* _Data provided_
[Start of Attachment]

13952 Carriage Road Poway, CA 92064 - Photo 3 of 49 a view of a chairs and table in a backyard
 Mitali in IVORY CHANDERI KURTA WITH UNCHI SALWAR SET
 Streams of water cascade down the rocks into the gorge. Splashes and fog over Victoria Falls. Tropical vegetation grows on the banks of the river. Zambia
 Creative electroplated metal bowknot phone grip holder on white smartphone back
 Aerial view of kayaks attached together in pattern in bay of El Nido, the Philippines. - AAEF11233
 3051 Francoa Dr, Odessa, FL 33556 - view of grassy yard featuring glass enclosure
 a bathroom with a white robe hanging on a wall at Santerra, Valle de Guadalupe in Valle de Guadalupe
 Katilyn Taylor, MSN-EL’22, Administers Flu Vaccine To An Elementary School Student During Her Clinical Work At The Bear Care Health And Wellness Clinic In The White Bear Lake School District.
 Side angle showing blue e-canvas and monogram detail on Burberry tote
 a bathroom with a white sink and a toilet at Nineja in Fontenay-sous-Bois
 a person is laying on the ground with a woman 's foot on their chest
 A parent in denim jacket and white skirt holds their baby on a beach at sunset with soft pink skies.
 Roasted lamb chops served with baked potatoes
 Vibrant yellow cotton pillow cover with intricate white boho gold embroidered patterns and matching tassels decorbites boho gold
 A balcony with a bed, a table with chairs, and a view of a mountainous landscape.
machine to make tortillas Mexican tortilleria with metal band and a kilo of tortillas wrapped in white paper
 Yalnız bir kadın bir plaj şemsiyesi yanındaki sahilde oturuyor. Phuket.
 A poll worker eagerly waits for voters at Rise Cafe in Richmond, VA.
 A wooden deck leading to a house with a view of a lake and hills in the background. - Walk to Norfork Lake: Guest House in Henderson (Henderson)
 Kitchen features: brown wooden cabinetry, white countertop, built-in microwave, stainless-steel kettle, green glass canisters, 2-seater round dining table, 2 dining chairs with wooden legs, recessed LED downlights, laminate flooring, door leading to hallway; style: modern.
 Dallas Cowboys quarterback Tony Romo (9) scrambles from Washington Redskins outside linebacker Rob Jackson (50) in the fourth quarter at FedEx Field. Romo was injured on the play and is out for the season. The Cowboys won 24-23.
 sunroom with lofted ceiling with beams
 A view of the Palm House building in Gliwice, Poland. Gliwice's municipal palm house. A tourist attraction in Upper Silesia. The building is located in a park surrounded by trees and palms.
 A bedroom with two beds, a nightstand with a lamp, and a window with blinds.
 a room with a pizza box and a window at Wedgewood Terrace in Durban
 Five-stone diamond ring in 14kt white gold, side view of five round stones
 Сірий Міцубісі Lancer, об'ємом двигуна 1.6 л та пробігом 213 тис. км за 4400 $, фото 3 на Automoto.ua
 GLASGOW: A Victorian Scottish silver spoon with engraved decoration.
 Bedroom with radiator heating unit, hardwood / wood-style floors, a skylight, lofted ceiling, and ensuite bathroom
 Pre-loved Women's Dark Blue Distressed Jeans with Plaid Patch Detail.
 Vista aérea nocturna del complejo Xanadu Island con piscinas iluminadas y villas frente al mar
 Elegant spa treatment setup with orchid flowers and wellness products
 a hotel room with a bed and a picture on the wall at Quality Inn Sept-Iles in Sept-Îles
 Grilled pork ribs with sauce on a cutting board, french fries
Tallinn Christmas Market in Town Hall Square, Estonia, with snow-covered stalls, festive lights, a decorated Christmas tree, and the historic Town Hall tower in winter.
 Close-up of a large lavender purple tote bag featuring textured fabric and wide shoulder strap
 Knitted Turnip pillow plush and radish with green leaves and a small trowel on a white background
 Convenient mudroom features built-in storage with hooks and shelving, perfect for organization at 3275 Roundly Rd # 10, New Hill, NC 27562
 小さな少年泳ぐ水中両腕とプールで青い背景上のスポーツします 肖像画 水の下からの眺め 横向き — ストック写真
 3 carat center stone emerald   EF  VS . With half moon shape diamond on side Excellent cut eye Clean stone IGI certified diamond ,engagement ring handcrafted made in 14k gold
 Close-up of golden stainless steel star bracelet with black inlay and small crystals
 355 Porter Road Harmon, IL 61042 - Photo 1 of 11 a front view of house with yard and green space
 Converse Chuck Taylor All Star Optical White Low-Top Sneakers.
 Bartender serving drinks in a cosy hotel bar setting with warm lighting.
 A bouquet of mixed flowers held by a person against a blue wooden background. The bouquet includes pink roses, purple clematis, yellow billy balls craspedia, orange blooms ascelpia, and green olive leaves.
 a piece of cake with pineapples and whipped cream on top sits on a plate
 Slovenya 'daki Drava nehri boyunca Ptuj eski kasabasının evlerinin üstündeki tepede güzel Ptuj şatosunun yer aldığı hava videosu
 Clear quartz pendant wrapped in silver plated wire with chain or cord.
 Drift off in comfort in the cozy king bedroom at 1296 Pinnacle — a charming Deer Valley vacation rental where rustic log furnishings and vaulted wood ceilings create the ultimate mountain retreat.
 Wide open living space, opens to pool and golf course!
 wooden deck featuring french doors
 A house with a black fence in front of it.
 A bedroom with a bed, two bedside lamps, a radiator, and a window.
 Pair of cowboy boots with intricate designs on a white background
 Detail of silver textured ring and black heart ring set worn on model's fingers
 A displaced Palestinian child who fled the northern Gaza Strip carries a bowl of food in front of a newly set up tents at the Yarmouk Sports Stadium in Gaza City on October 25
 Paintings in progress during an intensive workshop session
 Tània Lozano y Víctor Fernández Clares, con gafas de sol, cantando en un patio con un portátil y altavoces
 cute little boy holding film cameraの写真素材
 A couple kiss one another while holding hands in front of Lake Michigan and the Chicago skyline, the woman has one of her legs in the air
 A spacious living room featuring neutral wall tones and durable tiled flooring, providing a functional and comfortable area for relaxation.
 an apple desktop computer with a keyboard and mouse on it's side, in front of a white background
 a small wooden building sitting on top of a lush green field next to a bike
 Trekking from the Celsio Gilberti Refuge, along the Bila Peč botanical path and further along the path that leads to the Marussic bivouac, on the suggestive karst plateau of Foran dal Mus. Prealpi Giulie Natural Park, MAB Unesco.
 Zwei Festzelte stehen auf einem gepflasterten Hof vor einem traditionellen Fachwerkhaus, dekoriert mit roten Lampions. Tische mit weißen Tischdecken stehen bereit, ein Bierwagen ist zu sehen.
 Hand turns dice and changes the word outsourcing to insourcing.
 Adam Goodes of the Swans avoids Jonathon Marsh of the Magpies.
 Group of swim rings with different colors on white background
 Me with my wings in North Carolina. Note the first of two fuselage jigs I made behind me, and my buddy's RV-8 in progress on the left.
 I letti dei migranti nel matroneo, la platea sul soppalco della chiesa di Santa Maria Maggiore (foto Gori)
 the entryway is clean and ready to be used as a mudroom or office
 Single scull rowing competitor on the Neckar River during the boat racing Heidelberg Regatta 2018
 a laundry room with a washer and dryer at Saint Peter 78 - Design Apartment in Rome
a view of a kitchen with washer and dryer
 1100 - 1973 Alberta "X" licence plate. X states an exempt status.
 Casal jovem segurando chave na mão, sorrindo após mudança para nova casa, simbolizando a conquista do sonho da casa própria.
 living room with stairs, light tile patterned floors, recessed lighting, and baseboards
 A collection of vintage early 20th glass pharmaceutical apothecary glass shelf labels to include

[End of Attachment]

* _Assigned task_
Look through the entries for lines containing the word "their" and return each one.

* _Your solution_
 a person is laying on the ground with a woman 's foot on their chest
 A parent in denim jacket and white skirt holds their baby on a beach at sunset with soft pink skies.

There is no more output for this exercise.